Interventional radiologists find themselves beset by a paradox. The Accreditation Council for Graduate Medical Education requires accredited interventional radiology fellowship programs to have clinics. The American College of Radiology passed a resolution in 2003 supporting interventionalists' clinical endeavors. Yet IRs complain that the clinical nature of their specialty and the revenue they contribute go mostly unrecognized. It's not unusual, for example, for IRs to be faced with a stack of films left by their diagnostic colleagues after a long day of procedures.

"Radiologists' business plan is to have films to read. The business model of an IR clinic is unknown to them and to other physicians inside the same hospital," said Dr. James L. Swischuk, director of the vascular and interventional radiology division at Central Illinois Radiological Associates in Peoria. "Additionally, many radiology departments don't have much of an IR infrastructure and are reluctant to pay for one."

Interventionalists are taking matters into their own hands, and their success is being noted. At this year's Society of Interventional Radiology meeting, several investigators presented studies attesting to the financial strength of IR clinics. Dr. Catherine Tuite and colleagues at the University of Pennsylvania found that radiofrequency ablation and chemoembolization of liver tumors in their outpatient clinic brought in an average of $8000 per patient and generated practice revenues of more than $120,000 annually.

The interventional outpatient clinic at the University of Michigan, which opened in 2003, afforded the radiology department revenue of $1.6 million in 2004, including treatment and follow-up of 137 new patients.
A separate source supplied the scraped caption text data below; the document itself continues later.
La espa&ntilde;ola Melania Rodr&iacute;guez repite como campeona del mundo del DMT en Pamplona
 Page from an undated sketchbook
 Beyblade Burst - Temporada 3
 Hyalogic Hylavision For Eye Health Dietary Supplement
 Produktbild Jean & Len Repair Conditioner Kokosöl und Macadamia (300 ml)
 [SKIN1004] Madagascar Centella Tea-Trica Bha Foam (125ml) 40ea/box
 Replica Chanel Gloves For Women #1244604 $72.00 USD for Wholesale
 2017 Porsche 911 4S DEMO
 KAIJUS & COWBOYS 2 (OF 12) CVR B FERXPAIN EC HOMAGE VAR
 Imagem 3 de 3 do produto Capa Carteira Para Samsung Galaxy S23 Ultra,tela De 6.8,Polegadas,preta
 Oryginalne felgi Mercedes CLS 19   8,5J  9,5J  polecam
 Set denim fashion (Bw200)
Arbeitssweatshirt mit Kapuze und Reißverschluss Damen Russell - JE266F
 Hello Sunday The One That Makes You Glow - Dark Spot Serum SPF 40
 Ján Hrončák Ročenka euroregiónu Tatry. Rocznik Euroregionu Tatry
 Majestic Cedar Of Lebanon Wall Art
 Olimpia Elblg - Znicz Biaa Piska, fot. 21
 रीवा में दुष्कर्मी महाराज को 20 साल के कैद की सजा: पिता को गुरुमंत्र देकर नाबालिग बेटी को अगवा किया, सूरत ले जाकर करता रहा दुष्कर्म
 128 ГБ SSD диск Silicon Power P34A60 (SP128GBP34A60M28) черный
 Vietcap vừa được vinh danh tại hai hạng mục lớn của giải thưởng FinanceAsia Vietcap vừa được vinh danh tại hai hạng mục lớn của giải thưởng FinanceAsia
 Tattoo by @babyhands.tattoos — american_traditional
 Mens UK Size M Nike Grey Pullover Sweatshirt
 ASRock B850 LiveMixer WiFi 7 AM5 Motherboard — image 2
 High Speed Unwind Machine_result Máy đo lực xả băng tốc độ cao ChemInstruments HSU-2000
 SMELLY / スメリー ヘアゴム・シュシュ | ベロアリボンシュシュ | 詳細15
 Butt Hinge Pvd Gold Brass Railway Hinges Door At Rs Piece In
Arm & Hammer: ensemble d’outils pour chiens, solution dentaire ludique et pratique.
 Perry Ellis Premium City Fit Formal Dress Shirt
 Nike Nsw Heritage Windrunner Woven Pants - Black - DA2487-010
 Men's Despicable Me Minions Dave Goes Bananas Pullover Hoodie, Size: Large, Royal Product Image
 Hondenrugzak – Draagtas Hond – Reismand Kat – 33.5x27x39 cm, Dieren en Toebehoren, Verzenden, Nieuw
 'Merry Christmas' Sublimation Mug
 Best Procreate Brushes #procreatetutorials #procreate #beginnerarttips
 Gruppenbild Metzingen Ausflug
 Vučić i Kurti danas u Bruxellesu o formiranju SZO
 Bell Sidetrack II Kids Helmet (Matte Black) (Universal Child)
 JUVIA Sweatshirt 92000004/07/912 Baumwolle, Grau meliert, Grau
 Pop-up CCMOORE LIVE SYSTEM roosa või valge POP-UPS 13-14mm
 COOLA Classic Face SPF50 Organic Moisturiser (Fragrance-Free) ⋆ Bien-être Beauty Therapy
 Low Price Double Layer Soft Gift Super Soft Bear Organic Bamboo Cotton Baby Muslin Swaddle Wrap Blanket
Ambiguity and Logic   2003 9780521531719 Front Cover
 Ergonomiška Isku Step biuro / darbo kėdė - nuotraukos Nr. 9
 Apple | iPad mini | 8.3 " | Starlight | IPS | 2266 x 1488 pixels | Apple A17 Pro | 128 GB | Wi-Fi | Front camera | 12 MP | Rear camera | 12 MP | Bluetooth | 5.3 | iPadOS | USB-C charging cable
Dr. Minchul F. Shin reported that most referrals came from primary-care physicians at the same hospital and from outside gynecologists sending patients with uterine fibroids.

Dr. Rajan Agarwal and colleagues at the University of Pennsylvania examined the contribution IR patients make exclusively in terms of imaging exams. Looking at 1384 patients, they found IR procedures generated more than $200,000 in additional MR and CT exams.

Swischuk and a group of colleagues started an interventional radiology clinic, which, after several years, is making a profit. The outpatient center conducts more than 1000 inpatient consultations per year, including about 3000 follow-up procedures that rely heavily on imaging.

"Other clinical practices, such as cardiology or nephrology, function like interventional clinics. But IR clinics grow slowly because they are developed in a system where patients get referred for images, not interventions," he said.

Health regulatory agencies make freestanding facility designations difficult in some states. As a result, certain IR procedures are not reimbursed. But recent changes by the Centers for Medicare and Medicaid Services to CPT codes for treatments such as percutaneous bone ablation in outpatient centers suggest a new trend for the government, said Dr. Damian Dupuy, an interventional radiologist at Brown University Medical School.

"The government knows it will save money in the long run because hospital overhead is much higher than that of smaller, freestanding facilities," Dupuy said.